SAN DIEGO (AP) — A 24-year-old Marine based in California has become the first female officer to lead an assault amphibian vehicle platoon, the U.S. Marine Corps said. With her parents looking on, Second Lt. Mariah Klenke made history Tuesday
SAN DIEGO (AP) — A 24-year-old Marine based in California has become the first female officer to lead an assault amphibian vehicle platoon, the U.S. Marine Corps said.
With her parents looking on, Second Lt. Mariah Klenke made history Tuesday as she graduated from the Assault Amphibian Officer Course at Camp Pendleton.
“We cannot overlook the historic nature of this day,” Col. Dan Yaroslaski told the seven graduates and their family, friends and instructors at the ceremony. “We have set the standards every Marine has to pass. There has been no distinction between male and female.”
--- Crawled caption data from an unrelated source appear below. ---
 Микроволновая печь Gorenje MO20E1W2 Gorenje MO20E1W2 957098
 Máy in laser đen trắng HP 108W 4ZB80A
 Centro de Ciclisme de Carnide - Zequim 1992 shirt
Klenke, from southern Illinois, was the first woman to enter the course after the Pentagon lifted its ban on females in combat roles in 2015.
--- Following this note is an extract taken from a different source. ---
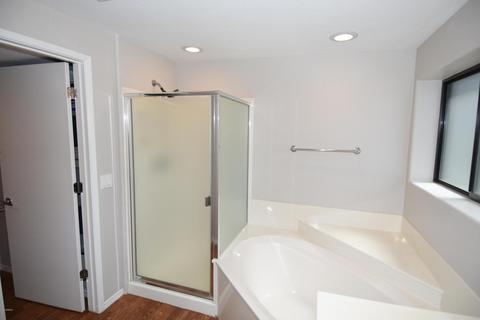724 E Devonshire Ave #308, Phoenix, AZ 85014 photo 16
She says she was never treated any differently from her male counterparts during rigorous training on land and at sea.
The most difficult part of the 12-week course, she said, was a one-week training of amphibious operations at the Beach at Camp Pendleton. There, she and her classmates practiced ship-to-shore movement and inland operation doing four missions a day.
“We operated on two hours of sleep,” she said.
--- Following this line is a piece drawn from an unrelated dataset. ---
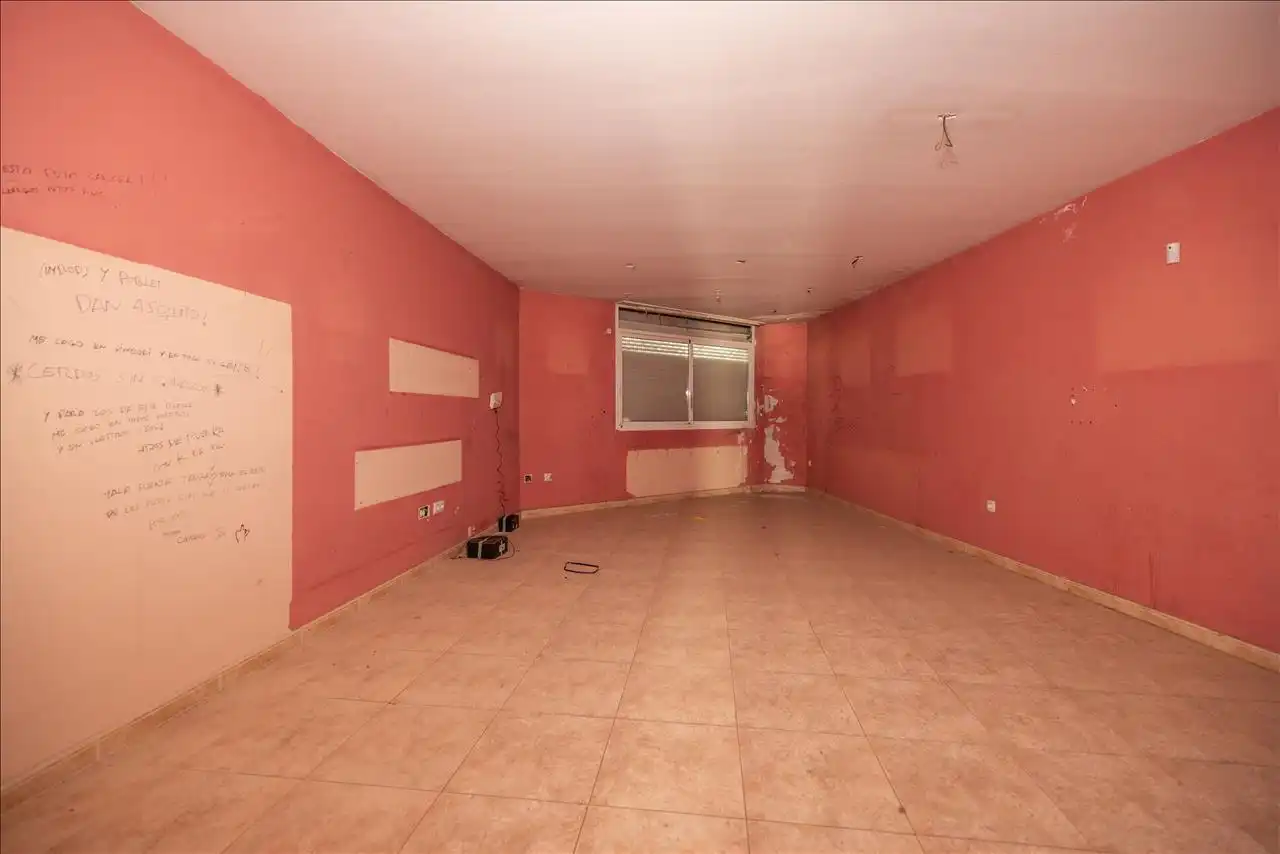 Piso en venta en Vimbodí i Poblet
Klenke will be assigned to command a platoon in the next few days, according to the Orange County Register (http://bit.ly/2xVa2LW).
“The Marine Corps is our job but it’s also our life,” she said. “I want to make their job fun so they put their heart and soul into it.”
Klenke’s first duty station will be with the 3rd Assault Amphibian Battalion with the 1st Marine Division.
“She’s always been one to go above and beyond,” said her father, Darrell Klenke.